Creating json from .py with 'drop_invalid_rows=True' does not work either.
- I have checked that this issue has not already been reported.
- I have confirmed this bug exists on the latest version of pandera.
- (optional) I have confirmed this bug exists on the master branch of pandera.

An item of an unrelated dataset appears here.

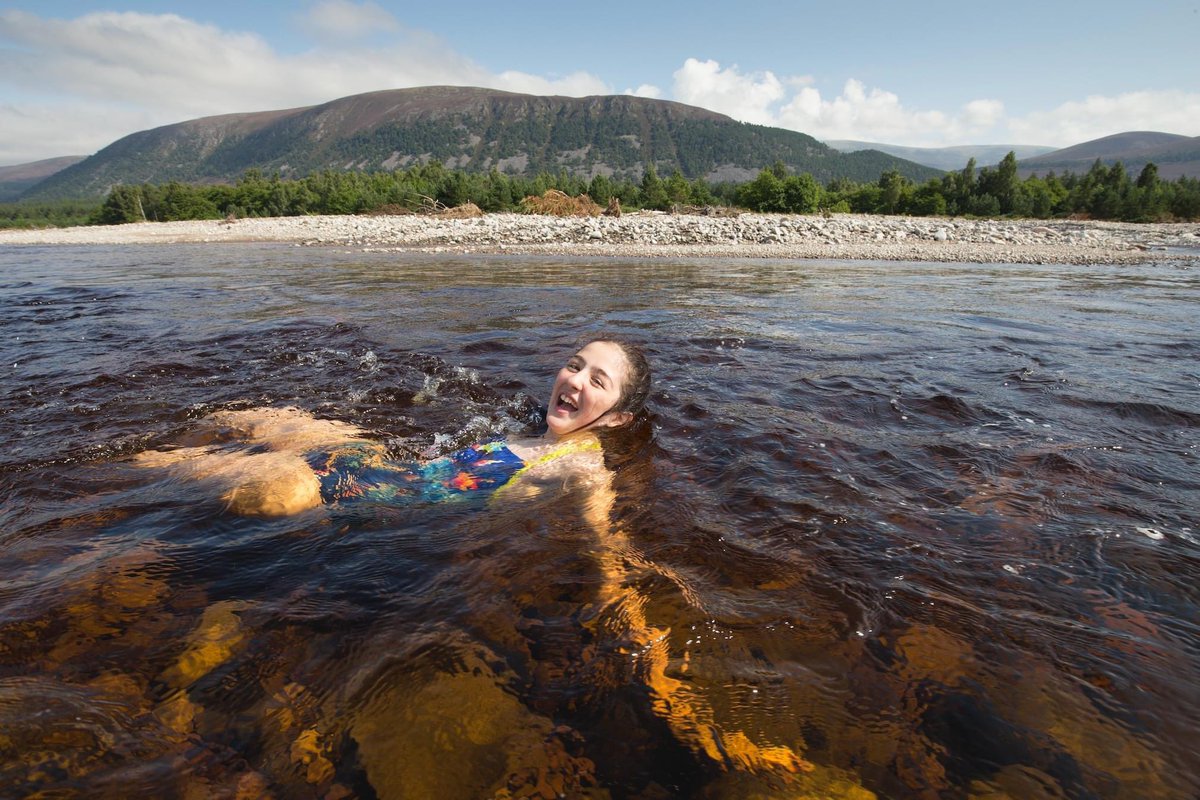 ScotlandTBP's tweet photo. Our friends at @ERCScot are campaigning to include the human right to a healthy environment in law, and to ensure the right is enforceable, so that public bodies and polluters respect it and can be taken to court if they do not.

Sign the petition: https://t.co/j8hndTYDD9 https://t.co/o2k8PxdGLT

Using .to_json() with this inferred schema ignores the True 'drop_invalid_rows' argument
from pandera import DataFrameSchema, Column, Check, Index, MultiIndex
import numpy as np
import pandas as pd
schema = DataFrameSchema(
columns={
"Model": Column(
dtype=np.int32,
checks=None,
nullable=False,
unique=False,
coerce=True,
required=True,
regex=True,
description=None,
title=None,
),
"ID": Column(
dtype=np.int32,
checks=None,
nullable=False,
unique=False,
coerce=False,
required=True,
regex=False,
description=None,
title=None,
),
},
checks=None,
index=Index(
dtype="int64",
checks=[],
nullable=False,
coerce=False,
name=None,
description=None,
title=None,
),
dtype=None,
coerce=True,
strict=True,
name=None,
ordered=False,
unique=None,
report_duplicates="all",
unique_column_names=False,
add_missing_columns=False,
title=None,
description=None,
drop_invalid_rows=True
)
schema.to_json()
This same behavior is observed if set a Column level.
I end up having to manually set this value to True in the schema class.